The objectives of this work are to examine common methods of deriving land surface temperature from a target’s surroundings in the context of fire detection. To achieve this, the enhanced temporal and spatial capabilities of the AHI-8 sensor are exploited in a large-area study. This paper presents the effects of variation of examined window sizes and valid contextual pixel percentages on background temperature. This work also highlights the challenges faced in using contextual estimation effectively, with in-depth examinations of a number of case study areas to determine the effectiveness of contextual temperature calculation.
2. Method
2.1. Data
This study utilises images from the Advanced Himawari Imager-8 (AHI-8), a geostationary sensor located at 140.7°E longitude [
35], data from which was obtained from the Japan Meteorological Agency (JMA) via the Australian Bureau of Meteorology (ABOM). This geostationary sensor provides coverage over the Asia-Pacific region over 16 bands, with an image captured every 10
. Images were obtained from the
medium-wave infrared band (AHI-8 Band 7) data, which is available in Australia from the National Computing Infrastructure (NCI). Dates were randomly selected for 36 days of the year 2016, with a distribution of three per calendar month in order to provide a representative sample of times in the results. The Julian dates selected were days 6, 10, 20, 35, 36, 41, 71, 72, 82, 97, 101, 103, 133, 144, 149, 153, 164, 173, 184, 188, 200, 222, 230, 236, 253, 257, 274, 279, 286, 290, 314, 322, 323, 343, 353 and 355 of 2016. A single image was examined at each of these days for the full disk examination, which was taken at 0500 UTC. This time was selected for full disk processing to maximise the amount of the land surface in daylight, along with examination of much of the disk at, or near, peak daily temperatures. This timing also coincides with the afternoon overpass of the VIIRS sensor for much of the land areas of the disk. This study utilises a cloud mask algorithm used in a study of AHI fire detection by [
30], which was adapted from use on the GOES–11 and GOES–12 geostationary sensors from [
24]. This mask is calculated using AHI Bands 3, 7 and 13, along with solar zenith information at each image time, from products supplied by ABOM.
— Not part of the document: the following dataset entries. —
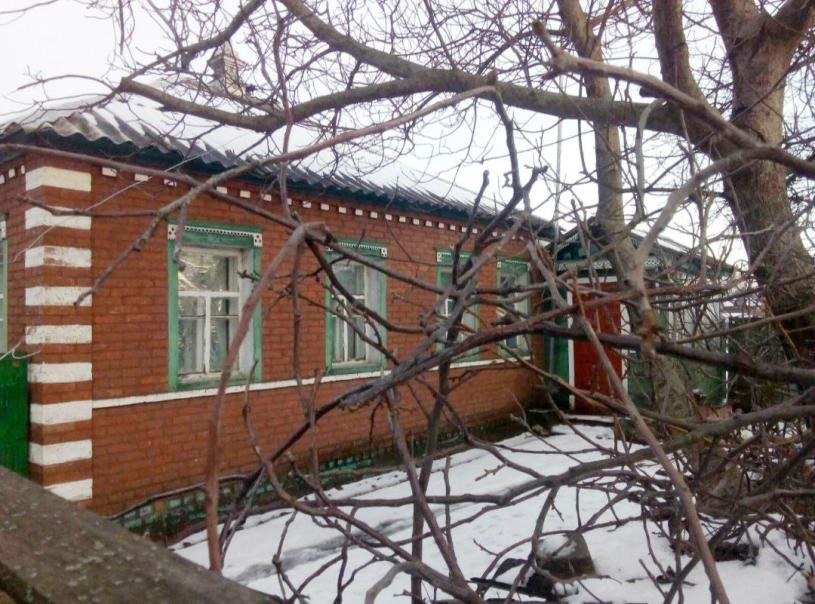 Купить дом, Малиновка, Харьковская область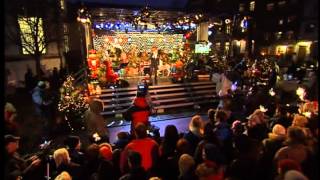 Chris Roberts - Dezember-Walzer 2014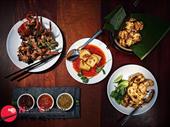 licensed asian restaurant lyndhurst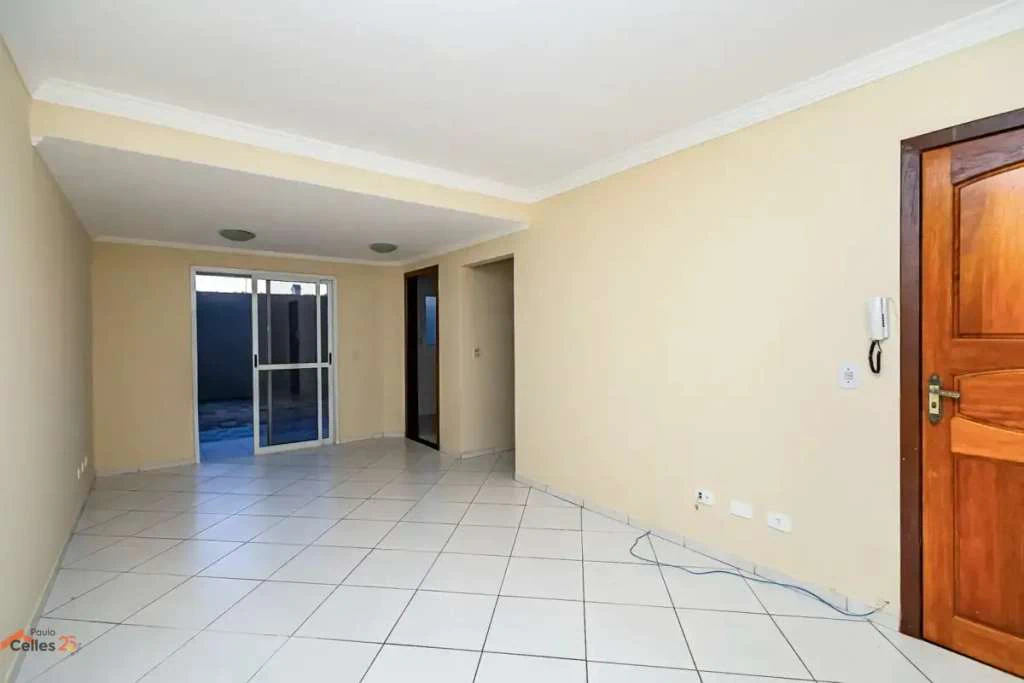 Casa com 3 quartos e 3 banheiros com 160 m²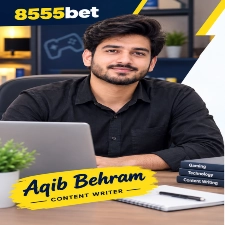 Aqib Behram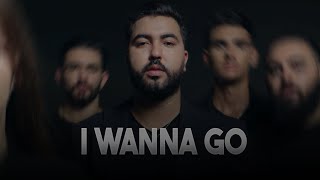 MOUH MILANO  I Wanna Go Official Music Video  موح ميلانو [upl. by Trace827]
To enable efficient processing of full disk images, the size of those captured by AHI, each full disk image was divided into component arrays of 500 × 500 pixels in size. The number of land pixels in each of these component arrays was then counted, and arrays containing less than 100 land pixels were discarded from analysis. Along with these omitted areas, arrays comprising solely land constituting the continent of Antarctica were also discarded. Once these tiles were identified, selections from each image with a 12 pixel buffer (for expanding window analysis purposes) were made of each tile and processing was performed. The areas with sufficient land for analysis are shown in
Figure 2.
As the focus of this study is determination of brightness temperature of land pixels, a land/sea mask supplied as part of the AHI ancillary data was applied to imagery to mask non-land pixels. Pixels close to the edge of the full disk are stretched over a large area of land surface, and also suffer from refraction due to the longer transmission period through the atmosphere. Pixels that have a sensor zenith angle greater than 80° were masked from further analysis using the AHI sensor ancillary product provided by ABOM.
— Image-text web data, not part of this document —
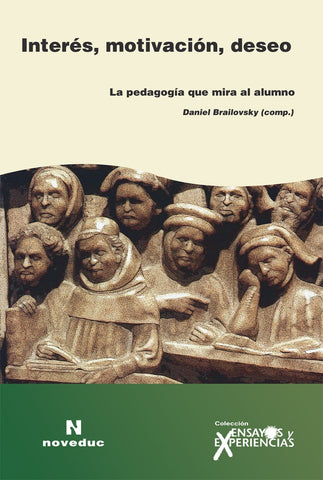 INTERÉS, MOTIVACIÓN , DESEO | Abramowski, otros, Brailovsky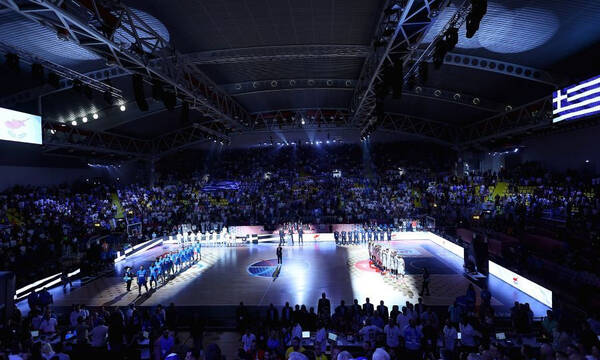 Πρόσκληση στον Ολυμπιακό να αγωνίζεται στην Κύπρο για να φτιαχτεί το ΣΕΦ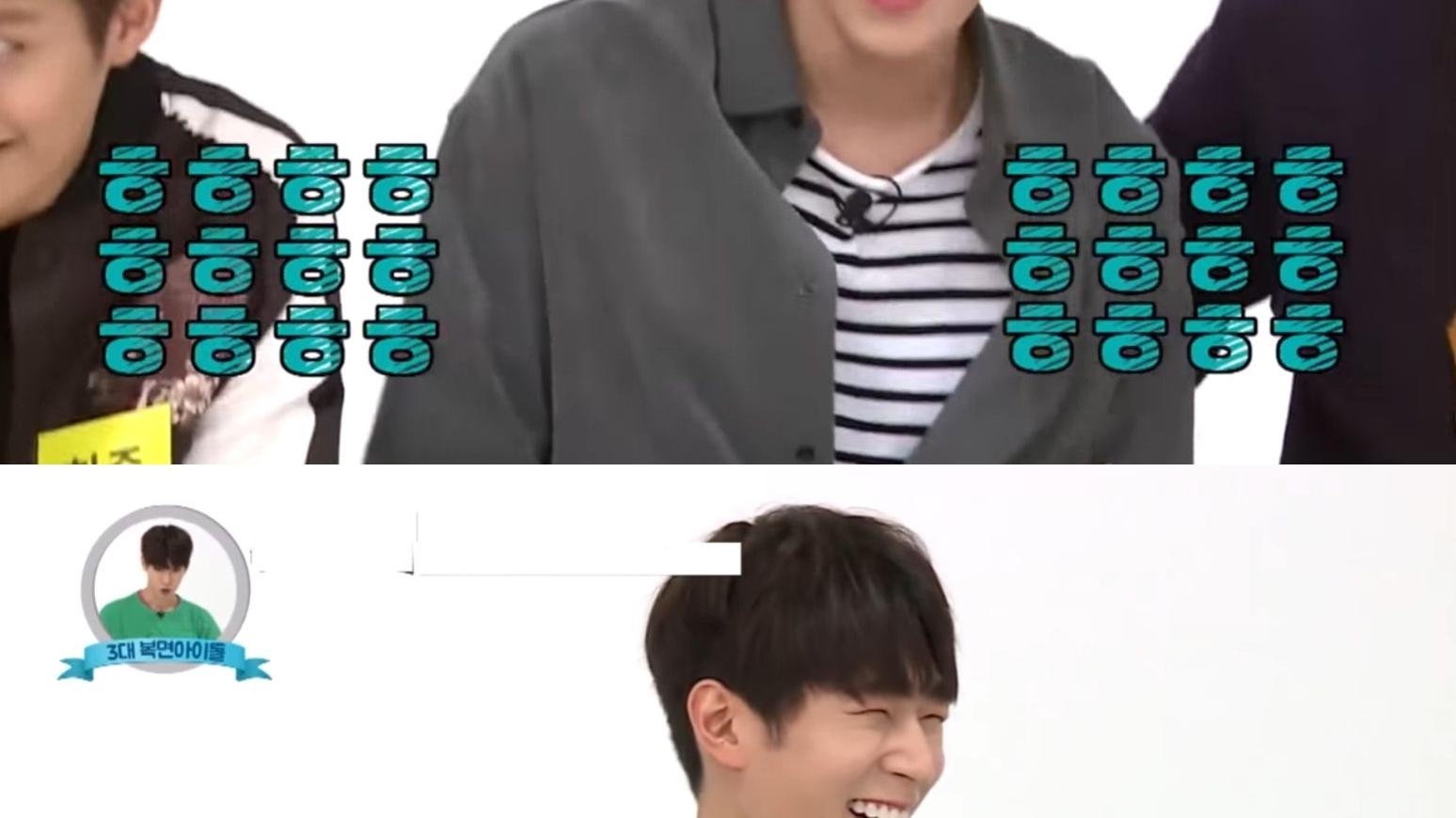 谭咏麟|BL《语意错误》朴栖含曾想引退！没公司帮“拍摄全靠自己”：谢谢朴宰灿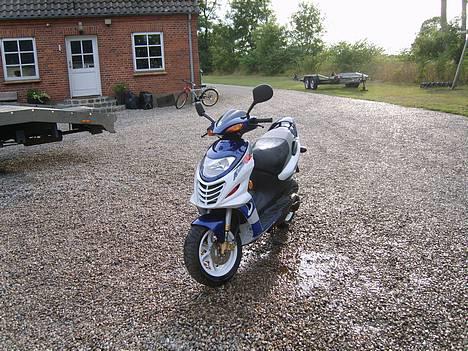 Suzuki Katana *LC* Solgt !! - ;);) billede 2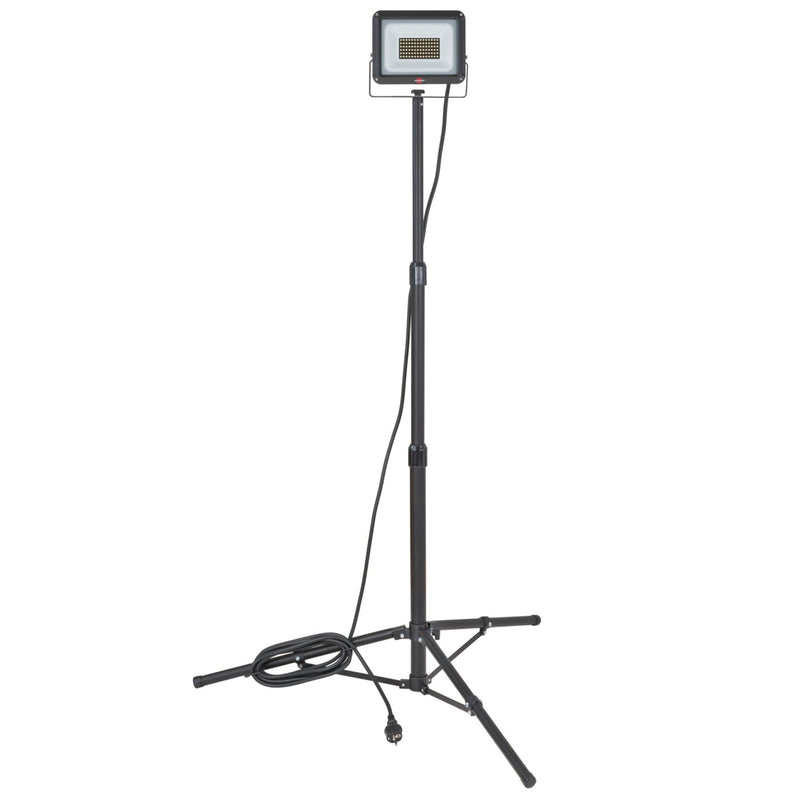 Tripé LED Brennenstuhl JARO 7060 T, 5800lm, 50W, 5m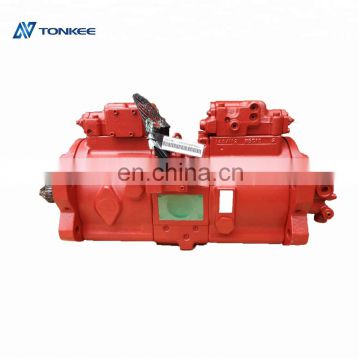 R290LC-9 R300LC-9 R300LC-9A R305-9 hydraulic piston pump K5V140DTP1E9R-9N02 K5V140DTP1CER-9N02 hydraulic main pump excavator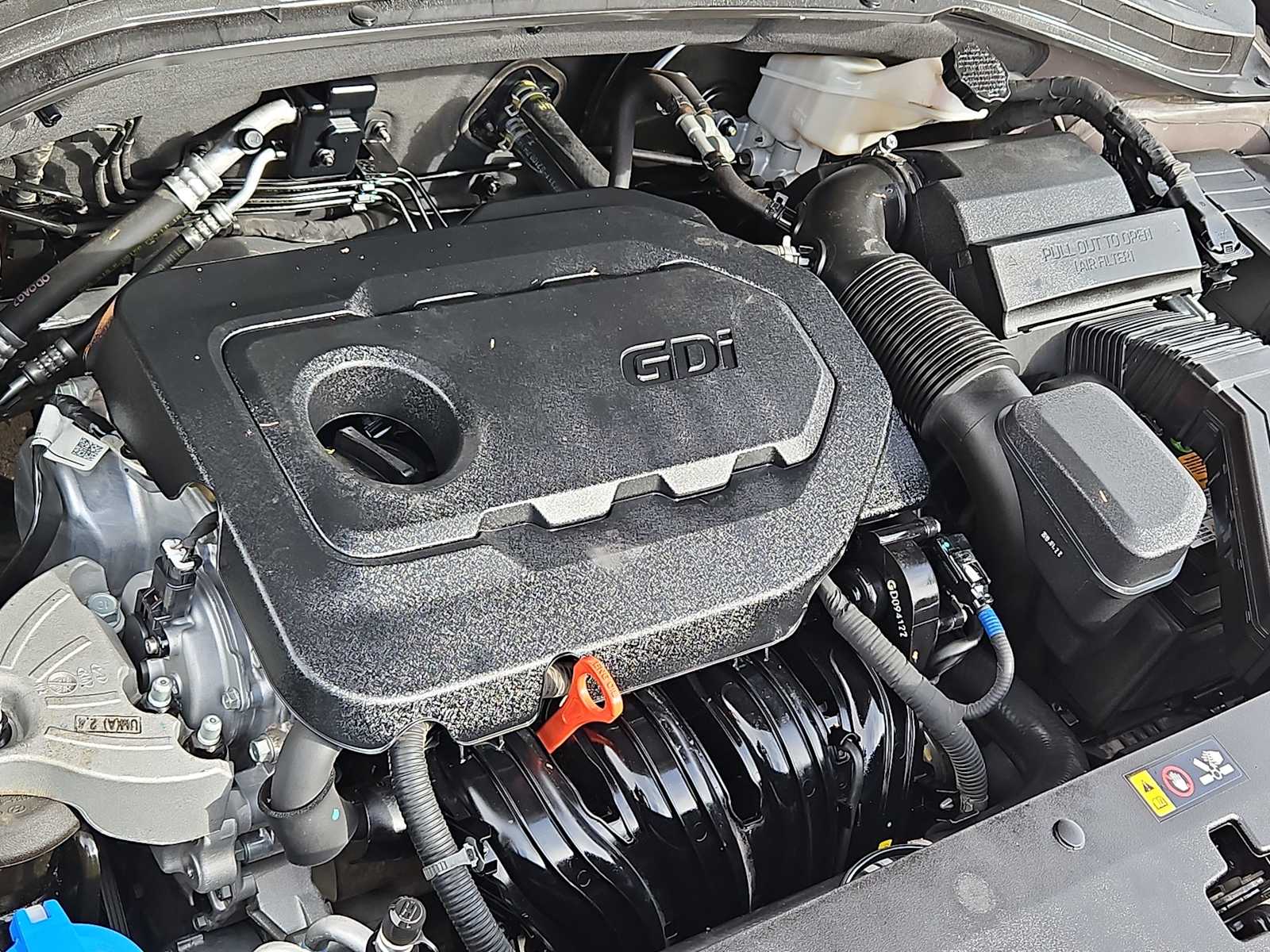 Thumbnail: 2019 Hyundai Santa Fe - 15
2.2. AHI Disk Characterisation
Cloud is a major source of occlusion when measuring brightness temperature values. In order to obtain an understanding of the role cloud cover plays in an AHI full disk image, and by extension the distribution of clear sky pixels for analysis, the AHI image was broken into sub-images of 500 rows, for the first 5000 rows of the 5500 × 5500 image. The number of land pixels available in each of these sub-images was tallied, and the cloud coverage from the cloud mask was recorded for each full disk image. This breakdown of the AHI full disk into sub-images can be seen in the horizontal banding depicted in
Figure 2b.
The land area covered by AHI can be quite discontinuous, especially in the equatorial regions where many islands are present. These islands and coastal areas will have permanent gaps in their contextual coverage area due to the land forms surrounding them. In order to gain an understanding of the magnitude of these standing anomalies, an analysis of the land mask was conducted. Pixels were selected by the number of contextual pixels available for estimation during a cloud-free period, and categorised into percentage classes (75%, 65%, 55%, 45%, 35%, 25%, 15%). Pixels that had less than the required percentage of pixels available on the land mask were flagged, and counts of these unusable pixels were tabled.
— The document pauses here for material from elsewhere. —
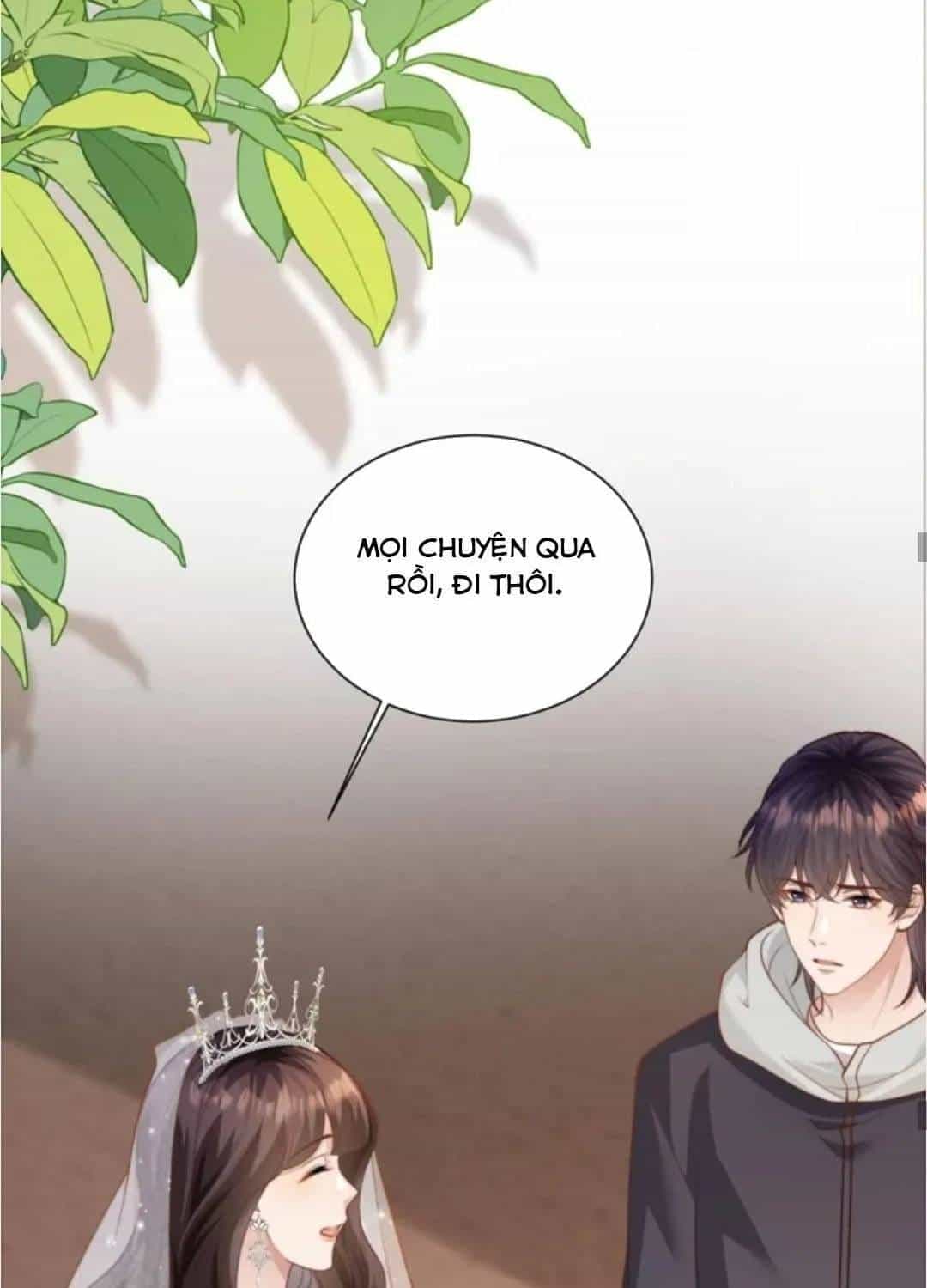 Kết Hôn Với Ông Chồng Thực Vật - Chương 85 - ảnh 66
To investigate the effectiveness of contextual estimation at a full disk level, the mean of all available contextual pixels was taken for each window size for each cloud-free pixel in the 36 images selected for study. The difference between each of these contextual estimates and the benchmark central pixel was calculated, and mean and standard deviations of these differences were aggregated for analysis. These values were further broken down by the exact percentage of contextual pixels available at each window level, in order to understand how the percentage of valid pixels affects the ultimate calculation of contextual temperature.
The size of the land area covered by individual pixels in a geostationary image increases as the sensor zenith angle increases. To determine whether this expansion of pixel area has an effect on contextual temperature calculations, all pixels from the dataset with contextual estimates were then divided into classes based upon their sensor zenith angle (eight classes spanning 10° from 0 to 80°), and statistics were aggregated for each of these classes.
2.3. Expanding the Window
As noted in the introduction, there have been many approaches taken to determine a suitable window size for contextual calculation, and no general consensus has been reached for ideal parameters, apart from a rough 10 km × 10 km maximum window size for the LEO sensor algorithms. For a geostationary sensor like AHI, we are limited as to the spatial bounds of the minimum window size we can select, as the sensor resolution prevents us from resolving at better than two kilometres in the infrared bands. A minimum sampling window of has been set around each pixel, which corresponds to 10 km × 10 km at sensor nadir. A number of window sizes were examined, with values selected in two pixel increments up to a maximum window size of 25 × 25 pixels. Each of these windows had a count of valid pixels, and the mean and standard deviation of differences between the contextual mean and the central pixel value recorded for each pixel for each image.
A common feature of contextual algorithms is the use of a threshold of valid pixels as a portion of the total examination window as a limiting factor for estimation validity. If the target pixel has at least the number of valid context pixels set by this threshold, the target’s contextual pixel values are used to calculate a temperature estimate, otherwise the target is ignored. There is no consensus upon which to base a definitive decision about valid context percentage choice—the most commonly used success criterion is 25% or an arbitrary number of pixels, as used by both MODIS and VIIRS in their respective fire products. This study has chosen to examine the use of seven percentage thresholds of contextual pixel availability, ranging from 75% to 15% in 10% increments. A pixel is deemed to have sufficient contextual data to make a calculation when the number of valid contextual pixels is equal to or greater than the selected percentage over the window being examined. For example, at the 5 × 5 window size, nine or more valid pixels need to be available for a temperature to be calculated at the 35% threshold. At some thresholds, land pixels with proximity to oceans and lakes may have insufficient land available to calculate a temperature.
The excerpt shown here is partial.